I had to go to Dublin last year for work and saw our family crest for sale at the gift shop in St. Patrick's Cathedral. I was impressed. I teased my friend last name of Deaton who was so excited to be in "his" homeland that I found mine but we couldn't find his! I mean I am a Hispanic CORRECTION a Tejano after all. I am a patriotic American and have never felt like the people of our family just came over but maybe the border jumped over them. It was called Coahuila-Texas after all while under Mexican rule. That is the same state that Pierdras Negras is in. We have family in that city by the name of Lechler? It use to embarrass me that we didn't have a typical Hispanic last name. But in the last 5 years I've embraced it. I love its unique story.
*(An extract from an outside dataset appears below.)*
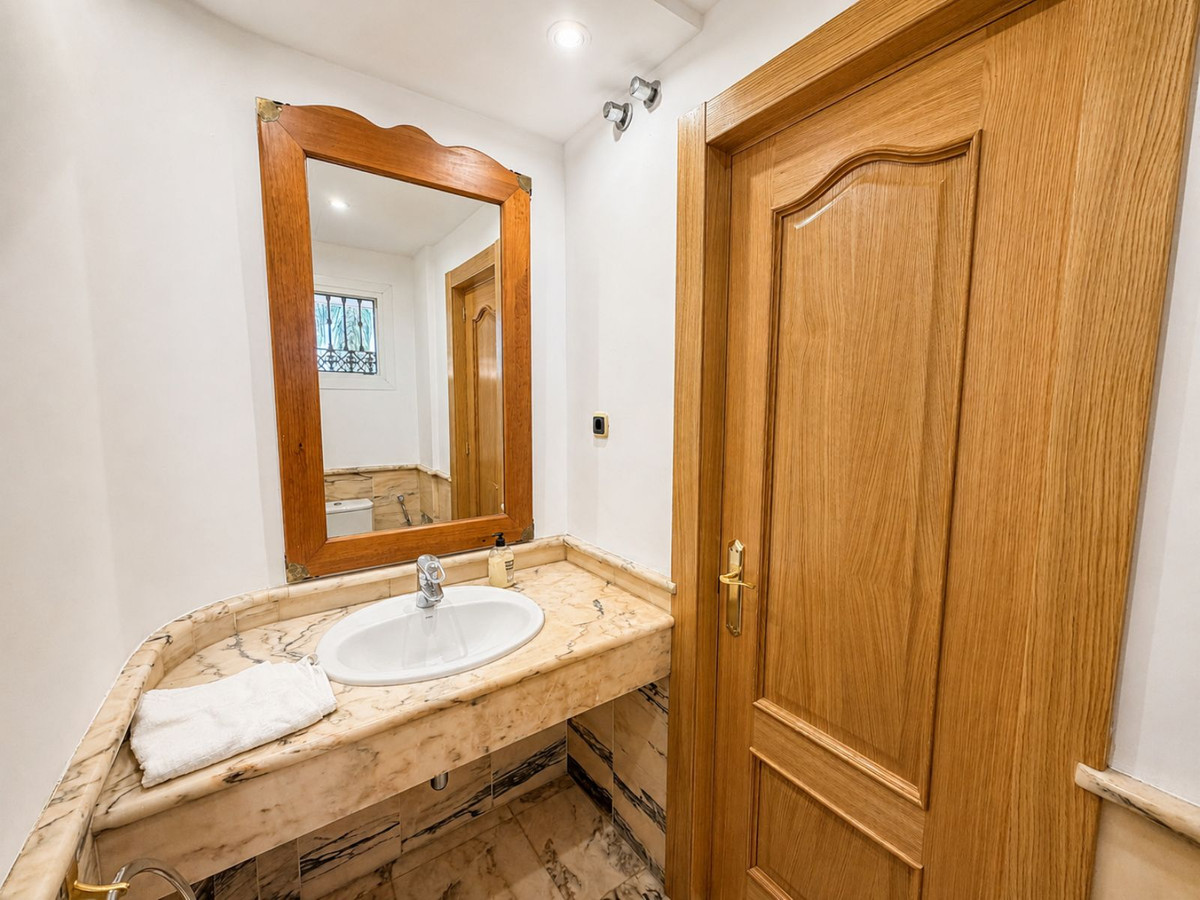7 Bed Townhouse for sale in Marbella Costa Del Sol, Málaga, Spain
Just the other day I found a copy of a ship's manifest dated 17 May 1880 for passage from Liverpool England to New York Harbour and it had 4 Felans on board! Probably by way of Waterford it says their nationality is Irish not British. http://www.immigrantships.net/v2/1800v2/richmondco18800517_1.html

And these names are actually Felan! Not Phelan or Whelan but Felan. The stories of author Michael Hogan intrigue me but I have not read them yet. LINK: www.geocities.com/drmichaelhogan Also if they were anything like me and my brother (both of us served, Dad did too) maybe one of our ancestors had that fighting spirit and was in the St. Patrick's Battalion. Maybe he was an immigrant in the north east like New York or Boston and joined the army and once war with Mexico started he could've been persuaded to behave like a good Catholic and fight for the Mexican side. http://en.wikipedia.org/wiki/St._Patrick%27s_Battalion Or they could have arrived in South Texas 20 years earlier straight from Waterford, Ireland and just settled in an area nearby my hometown. Corpus Christi used to be in San Patricio County which also borders Refugio County (That's the Spanish for refuge, an Irish Catholic settlement given to the Irish empresarios of 1820). Could one of our ancestors have been in the land grants given to Irish Catholics in the 1820's? http://www.tamu.edu/ccbn/dewitt/irishmcmullen.htm OR http://ireland.org/irl_hist/hist7.htm

I think that I may have pieced together a good bit of possible theories as to the origin of Hispanic no, no Tejano Felans in the USA but I'm not exactly one hundred percent sure.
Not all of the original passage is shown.